Traffic data chronically suffer from missing and corruption, leading to accuracy and utility reduction in subsequent Intelligent Transportation System (ITS) applications. Noticing the inherent low-rank property of traffic data, numerous studies formulated missing traffic data recovery as a low-rank tensor completion (LRTC) problem. Due to the non-convexity and discreteness of the rank minimization in LRTC, existing methods either replaced rank with convex surrogates that are quite far away from the rank function or approximated rank with nonconvex surrogates involving many parameters. In this study, we proposed a Parameter-Free Non-Convex Tensor Completion model (TC-PFNC) for traffic data recovery, in which a log-based relaxation term was designed to approximate tensor algebraic rank. Moreover, previous studies usually assumed the observations are reliable without any outliers.
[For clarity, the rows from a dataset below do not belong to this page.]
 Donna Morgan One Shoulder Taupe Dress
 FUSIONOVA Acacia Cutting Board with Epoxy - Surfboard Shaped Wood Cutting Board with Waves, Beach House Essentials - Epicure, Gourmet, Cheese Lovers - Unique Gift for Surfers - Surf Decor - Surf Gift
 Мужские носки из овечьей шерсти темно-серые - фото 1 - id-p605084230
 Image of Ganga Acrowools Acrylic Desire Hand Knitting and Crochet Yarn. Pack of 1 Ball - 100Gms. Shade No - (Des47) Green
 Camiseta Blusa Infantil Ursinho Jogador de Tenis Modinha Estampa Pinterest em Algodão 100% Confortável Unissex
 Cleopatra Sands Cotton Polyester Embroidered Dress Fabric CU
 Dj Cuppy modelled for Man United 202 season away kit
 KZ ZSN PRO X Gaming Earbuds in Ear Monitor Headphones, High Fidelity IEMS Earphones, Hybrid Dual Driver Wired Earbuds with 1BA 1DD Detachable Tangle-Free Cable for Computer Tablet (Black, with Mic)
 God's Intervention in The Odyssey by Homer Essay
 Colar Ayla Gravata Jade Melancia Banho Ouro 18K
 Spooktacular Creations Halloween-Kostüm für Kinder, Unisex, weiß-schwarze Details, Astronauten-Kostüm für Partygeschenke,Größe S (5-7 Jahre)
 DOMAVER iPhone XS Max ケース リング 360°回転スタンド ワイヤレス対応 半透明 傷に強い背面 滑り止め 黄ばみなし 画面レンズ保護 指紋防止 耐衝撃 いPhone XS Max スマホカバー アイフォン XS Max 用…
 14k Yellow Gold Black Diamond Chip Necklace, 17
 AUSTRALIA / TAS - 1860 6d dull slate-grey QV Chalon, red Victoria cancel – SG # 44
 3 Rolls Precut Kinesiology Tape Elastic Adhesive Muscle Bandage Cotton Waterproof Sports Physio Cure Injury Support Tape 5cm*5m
Therefore, we extended the TC-PFNC to a robust version (RTC-PFNC) by modeling potential traffic data outliers, which can recover the missing value from partial and corrupted observations and remove the anomalies in observations. The numerical solutions of TC-PFNC and RTC-PFNC were elaborated based on the alternating direction multiplier method (ADMM). The extensive experimental results conducted on four real-world traffic data sets demonstrated that the proposed methods outperform other state-of-the-art methods in both missing and corrupted data recovery. The code used in this paper is available at: https://github.com/YoungHe49/T-ITSPFNC.